Contrarrazoar ou Contra-arrazoar?

1) Ante as recentes modificações quanto ao emprego do hífen, ocasionadas pelo Acordo Ortográfico de 1990, pergunta um leitor qual a forma correta da expressão: I) Contrarrazoar uma apelação; II) Contra-arrazoar uma apelação? 2) Sempre é bom repetir, num intróito, que a maioria dos gramáticos defendiam que o emprego do hífen era assunto que carecia de sério e profundo trabalho de sistematização e simplificação. Longe de melhorar a situação, o que o Acordo fez foi complicar ainda mais o que já era difícil. 3) Mas tentemos solucionar a questão.

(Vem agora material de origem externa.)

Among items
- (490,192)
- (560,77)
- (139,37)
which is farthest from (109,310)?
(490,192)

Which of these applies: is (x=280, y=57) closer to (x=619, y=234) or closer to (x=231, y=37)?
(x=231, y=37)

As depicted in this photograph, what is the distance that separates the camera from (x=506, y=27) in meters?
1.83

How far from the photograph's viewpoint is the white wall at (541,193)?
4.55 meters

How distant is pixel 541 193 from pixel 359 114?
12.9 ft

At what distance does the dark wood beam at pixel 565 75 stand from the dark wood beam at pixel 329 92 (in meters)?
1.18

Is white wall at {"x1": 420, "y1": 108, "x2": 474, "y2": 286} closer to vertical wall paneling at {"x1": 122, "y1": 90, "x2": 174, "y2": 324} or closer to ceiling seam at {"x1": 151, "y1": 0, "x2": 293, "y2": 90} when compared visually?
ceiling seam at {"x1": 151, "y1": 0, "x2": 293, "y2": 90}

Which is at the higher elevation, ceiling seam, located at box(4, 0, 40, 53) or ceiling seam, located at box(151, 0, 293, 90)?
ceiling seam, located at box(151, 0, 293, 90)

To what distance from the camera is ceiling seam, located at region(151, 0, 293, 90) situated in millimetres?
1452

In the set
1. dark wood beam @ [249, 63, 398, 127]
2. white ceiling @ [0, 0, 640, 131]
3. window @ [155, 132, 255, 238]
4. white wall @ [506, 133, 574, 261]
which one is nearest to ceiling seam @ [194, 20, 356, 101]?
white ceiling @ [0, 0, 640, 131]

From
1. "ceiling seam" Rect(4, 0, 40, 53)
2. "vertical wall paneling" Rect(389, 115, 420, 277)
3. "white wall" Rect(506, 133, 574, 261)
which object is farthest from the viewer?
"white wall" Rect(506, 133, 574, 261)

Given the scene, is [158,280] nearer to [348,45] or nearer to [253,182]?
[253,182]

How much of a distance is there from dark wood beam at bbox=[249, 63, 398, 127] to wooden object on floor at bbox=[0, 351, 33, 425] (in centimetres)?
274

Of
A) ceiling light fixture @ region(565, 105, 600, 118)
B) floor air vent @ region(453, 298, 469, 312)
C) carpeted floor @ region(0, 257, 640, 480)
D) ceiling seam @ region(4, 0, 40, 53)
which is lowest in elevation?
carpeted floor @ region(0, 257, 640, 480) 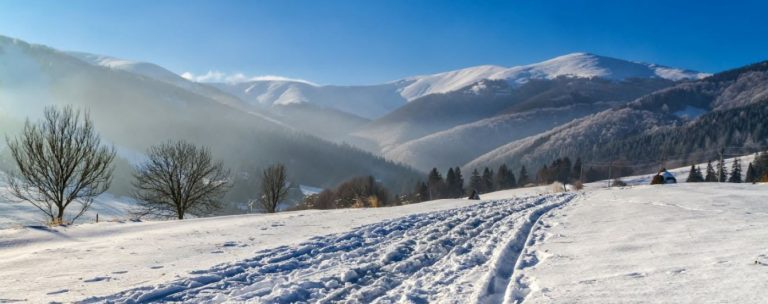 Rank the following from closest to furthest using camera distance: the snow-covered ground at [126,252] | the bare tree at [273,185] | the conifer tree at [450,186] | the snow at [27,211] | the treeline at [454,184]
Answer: the snow-covered ground at [126,252]
the bare tree at [273,185]
the snow at [27,211]
the treeline at [454,184]
the conifer tree at [450,186]

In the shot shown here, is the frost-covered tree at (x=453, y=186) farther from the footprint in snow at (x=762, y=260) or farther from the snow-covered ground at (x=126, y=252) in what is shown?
the footprint in snow at (x=762, y=260)

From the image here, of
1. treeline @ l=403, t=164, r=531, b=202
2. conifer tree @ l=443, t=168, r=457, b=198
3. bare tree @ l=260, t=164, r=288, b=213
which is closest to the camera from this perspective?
bare tree @ l=260, t=164, r=288, b=213

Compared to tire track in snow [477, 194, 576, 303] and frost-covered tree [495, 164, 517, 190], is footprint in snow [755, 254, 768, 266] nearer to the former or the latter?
tire track in snow [477, 194, 576, 303]

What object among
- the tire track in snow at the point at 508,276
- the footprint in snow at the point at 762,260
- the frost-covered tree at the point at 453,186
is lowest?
the tire track in snow at the point at 508,276

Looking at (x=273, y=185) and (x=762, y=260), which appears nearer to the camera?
(x=762, y=260)

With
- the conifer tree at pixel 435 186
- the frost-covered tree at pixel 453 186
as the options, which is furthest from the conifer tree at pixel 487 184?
the conifer tree at pixel 435 186

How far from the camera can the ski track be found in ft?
19.3

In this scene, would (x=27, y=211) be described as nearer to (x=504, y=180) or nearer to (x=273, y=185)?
(x=273, y=185)

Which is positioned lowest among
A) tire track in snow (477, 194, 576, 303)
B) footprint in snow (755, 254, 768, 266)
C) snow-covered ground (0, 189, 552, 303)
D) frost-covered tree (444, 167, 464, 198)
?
tire track in snow (477, 194, 576, 303)

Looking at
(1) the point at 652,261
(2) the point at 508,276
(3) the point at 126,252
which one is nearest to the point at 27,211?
(3) the point at 126,252

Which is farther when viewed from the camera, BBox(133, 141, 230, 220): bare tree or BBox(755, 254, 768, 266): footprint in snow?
BBox(133, 141, 230, 220): bare tree

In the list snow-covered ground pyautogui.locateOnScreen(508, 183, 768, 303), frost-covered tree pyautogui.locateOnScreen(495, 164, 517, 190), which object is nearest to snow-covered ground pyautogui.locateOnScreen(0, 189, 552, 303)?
snow-covered ground pyautogui.locateOnScreen(508, 183, 768, 303)

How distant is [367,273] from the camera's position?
23.5 ft

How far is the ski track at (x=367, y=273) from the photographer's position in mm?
5891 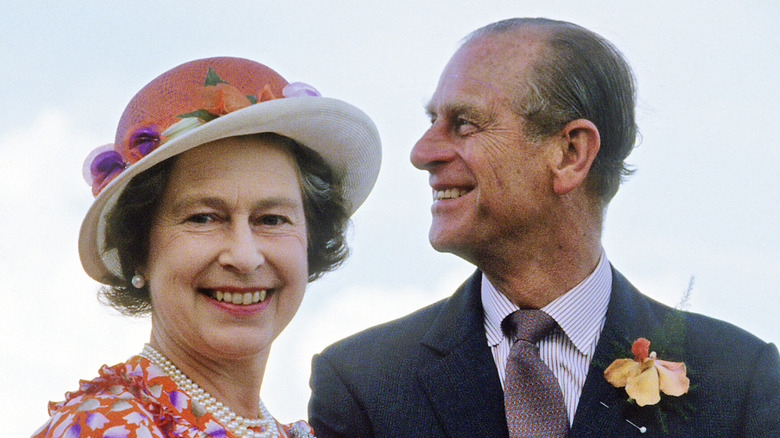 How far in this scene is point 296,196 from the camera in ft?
11.0

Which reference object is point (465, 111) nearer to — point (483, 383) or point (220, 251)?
point (483, 383)

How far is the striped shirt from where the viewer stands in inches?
152

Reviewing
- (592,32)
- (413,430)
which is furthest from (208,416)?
(592,32)

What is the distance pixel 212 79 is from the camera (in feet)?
10.7

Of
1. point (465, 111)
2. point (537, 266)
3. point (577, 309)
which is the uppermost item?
point (465, 111)

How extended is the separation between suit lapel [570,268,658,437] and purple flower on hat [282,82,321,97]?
5.15 feet

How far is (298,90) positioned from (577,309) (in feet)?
5.11

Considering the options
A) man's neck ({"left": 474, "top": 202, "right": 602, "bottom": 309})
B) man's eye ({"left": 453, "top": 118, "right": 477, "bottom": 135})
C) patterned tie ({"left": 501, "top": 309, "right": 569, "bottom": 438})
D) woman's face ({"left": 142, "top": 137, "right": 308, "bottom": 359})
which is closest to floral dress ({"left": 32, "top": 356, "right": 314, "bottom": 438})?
woman's face ({"left": 142, "top": 137, "right": 308, "bottom": 359})

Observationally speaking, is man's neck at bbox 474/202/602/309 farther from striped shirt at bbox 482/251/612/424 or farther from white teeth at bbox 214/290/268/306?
white teeth at bbox 214/290/268/306

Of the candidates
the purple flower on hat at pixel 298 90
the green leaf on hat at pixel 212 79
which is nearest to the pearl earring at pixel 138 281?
the green leaf on hat at pixel 212 79

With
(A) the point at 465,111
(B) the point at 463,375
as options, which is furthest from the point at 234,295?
(A) the point at 465,111

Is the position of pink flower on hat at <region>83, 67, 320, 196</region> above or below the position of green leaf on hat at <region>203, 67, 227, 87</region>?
below

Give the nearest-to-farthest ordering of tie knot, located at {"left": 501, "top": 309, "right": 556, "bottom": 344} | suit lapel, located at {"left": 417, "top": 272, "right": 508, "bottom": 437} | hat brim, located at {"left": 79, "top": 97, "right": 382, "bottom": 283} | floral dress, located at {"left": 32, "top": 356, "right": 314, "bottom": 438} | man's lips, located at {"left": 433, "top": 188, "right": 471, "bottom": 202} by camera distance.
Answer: floral dress, located at {"left": 32, "top": 356, "right": 314, "bottom": 438}, hat brim, located at {"left": 79, "top": 97, "right": 382, "bottom": 283}, suit lapel, located at {"left": 417, "top": 272, "right": 508, "bottom": 437}, tie knot, located at {"left": 501, "top": 309, "right": 556, "bottom": 344}, man's lips, located at {"left": 433, "top": 188, "right": 471, "bottom": 202}

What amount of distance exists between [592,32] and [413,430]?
202 centimetres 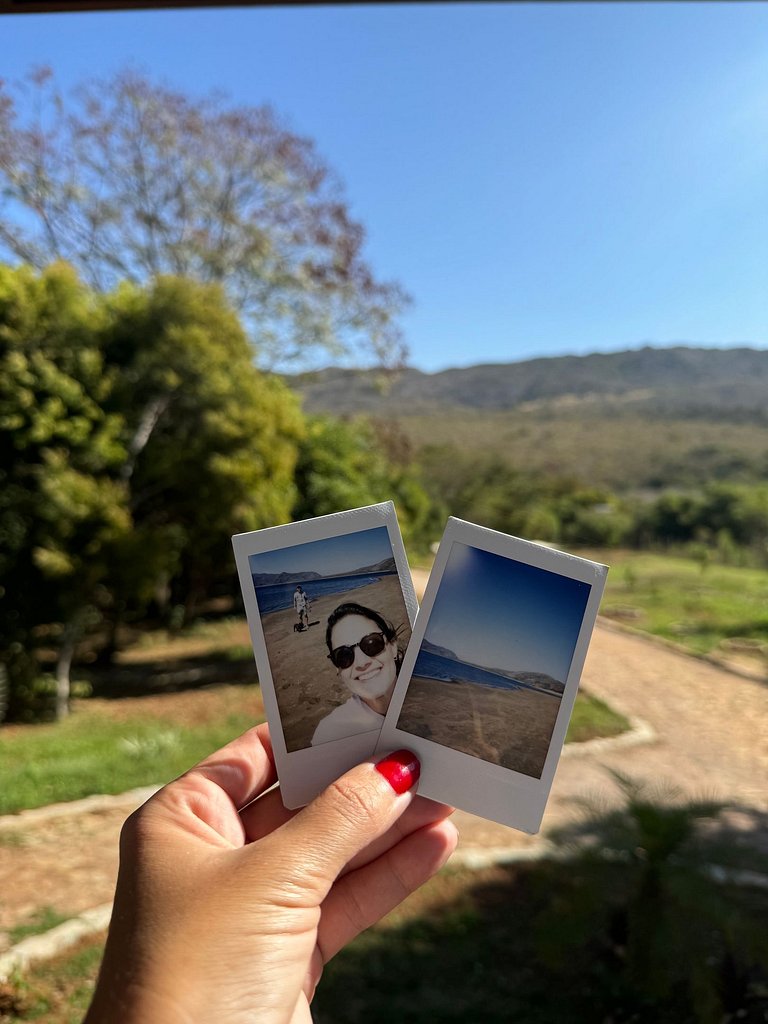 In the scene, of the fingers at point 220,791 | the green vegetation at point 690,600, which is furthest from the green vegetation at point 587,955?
the green vegetation at point 690,600

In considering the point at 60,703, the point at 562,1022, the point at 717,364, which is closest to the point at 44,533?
the point at 60,703

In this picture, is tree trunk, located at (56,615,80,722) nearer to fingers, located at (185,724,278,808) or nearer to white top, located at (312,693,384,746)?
fingers, located at (185,724,278,808)

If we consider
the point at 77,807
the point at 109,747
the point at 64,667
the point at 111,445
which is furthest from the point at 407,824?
the point at 64,667

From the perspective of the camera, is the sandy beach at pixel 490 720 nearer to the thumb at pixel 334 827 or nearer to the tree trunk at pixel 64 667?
the thumb at pixel 334 827

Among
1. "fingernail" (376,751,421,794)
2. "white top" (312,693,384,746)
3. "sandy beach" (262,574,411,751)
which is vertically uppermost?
"sandy beach" (262,574,411,751)

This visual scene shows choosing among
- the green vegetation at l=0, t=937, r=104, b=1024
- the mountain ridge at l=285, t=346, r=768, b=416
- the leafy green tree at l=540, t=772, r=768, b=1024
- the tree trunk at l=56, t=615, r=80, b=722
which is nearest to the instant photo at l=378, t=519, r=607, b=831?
the leafy green tree at l=540, t=772, r=768, b=1024

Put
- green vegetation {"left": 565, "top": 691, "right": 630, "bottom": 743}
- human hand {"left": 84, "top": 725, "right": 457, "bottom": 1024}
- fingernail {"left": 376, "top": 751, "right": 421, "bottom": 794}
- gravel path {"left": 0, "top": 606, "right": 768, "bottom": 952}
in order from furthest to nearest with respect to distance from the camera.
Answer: green vegetation {"left": 565, "top": 691, "right": 630, "bottom": 743}, gravel path {"left": 0, "top": 606, "right": 768, "bottom": 952}, fingernail {"left": 376, "top": 751, "right": 421, "bottom": 794}, human hand {"left": 84, "top": 725, "right": 457, "bottom": 1024} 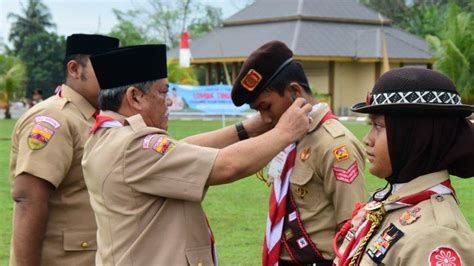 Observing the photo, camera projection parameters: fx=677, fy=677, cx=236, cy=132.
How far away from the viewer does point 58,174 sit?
3275mm

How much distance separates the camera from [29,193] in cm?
324

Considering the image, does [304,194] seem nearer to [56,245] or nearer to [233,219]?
[56,245]

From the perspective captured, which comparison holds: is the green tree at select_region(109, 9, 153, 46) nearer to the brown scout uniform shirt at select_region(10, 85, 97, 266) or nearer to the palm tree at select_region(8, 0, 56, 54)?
the palm tree at select_region(8, 0, 56, 54)

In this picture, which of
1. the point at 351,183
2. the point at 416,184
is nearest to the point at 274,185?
the point at 351,183

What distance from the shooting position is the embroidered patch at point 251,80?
3.32 m

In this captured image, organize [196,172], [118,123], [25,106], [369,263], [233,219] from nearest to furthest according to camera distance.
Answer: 1. [369,263]
2. [196,172]
3. [118,123]
4. [233,219]
5. [25,106]

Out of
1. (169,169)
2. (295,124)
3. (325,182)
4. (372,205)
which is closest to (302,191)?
(325,182)

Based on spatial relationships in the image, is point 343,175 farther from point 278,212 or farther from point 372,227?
point 372,227

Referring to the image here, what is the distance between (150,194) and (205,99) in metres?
23.5

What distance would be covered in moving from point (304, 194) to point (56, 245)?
1.28 metres

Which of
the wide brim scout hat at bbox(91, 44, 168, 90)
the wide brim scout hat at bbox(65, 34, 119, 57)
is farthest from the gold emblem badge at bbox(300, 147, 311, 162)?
the wide brim scout hat at bbox(65, 34, 119, 57)

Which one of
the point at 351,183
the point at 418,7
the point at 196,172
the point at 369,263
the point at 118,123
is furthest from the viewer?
the point at 418,7

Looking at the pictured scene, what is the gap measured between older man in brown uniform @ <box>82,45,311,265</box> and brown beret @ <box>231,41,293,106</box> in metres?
0.63

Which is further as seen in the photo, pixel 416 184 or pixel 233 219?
pixel 233 219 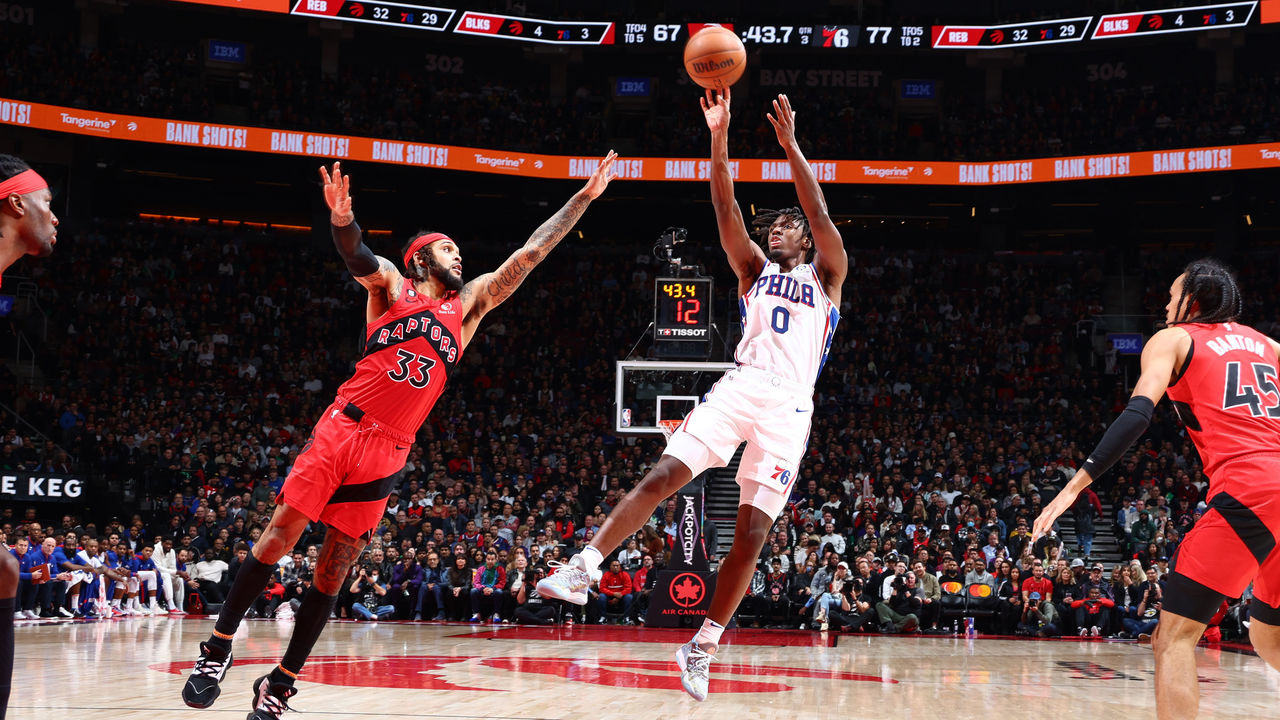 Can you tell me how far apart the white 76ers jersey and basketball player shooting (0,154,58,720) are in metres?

Pela regra do Acordo Ortográfico, quando se tem o prefixo contra, emprega-se o hífen em dois casos: I) se o segundo elemento começa por h (contra-habitual, contra-harmonia, contra-haste, contra-homônimo); II) quando a palavra seguinte se inicia com a mesma vogal que termina o prefixo (contra-acusação, contra-almirante, contra-apelação, contra-arrazoado, contra-arrestar, contra-ataque). 4) Nos demais casos, não há hífen (contrabalançar, contracapa, contracheque, contraescritura, contrafé, contrainterpelar, contraoferta). 5) Além disso, se a palavra seguinte se inicia por r ou s, tais consoantes são duplicadas, mas sem o hífen (contrarreforma, contrarregra, contrarréplica, contrasseguro, contrassenso, contrassistema). 6) De modo prático para o caso da consulta, parte-se, por primeiro, da premissa de que escrever as razões de apelação tanto pode ser razoar como arrazoar; assim, oferecer resposta ao mencionado recurso tanto pode ser contrarrazoar (que é o resultado de contra + razoar) como contra-arrazoar (resultado de contra + arrazoar). 7) Atente-se, todavia, a que são incorretas as formas contra-razoar e contraarrazoar.
quarta-feira, 6 de outubro de 2010

Antecipa(m)-se as eleições...?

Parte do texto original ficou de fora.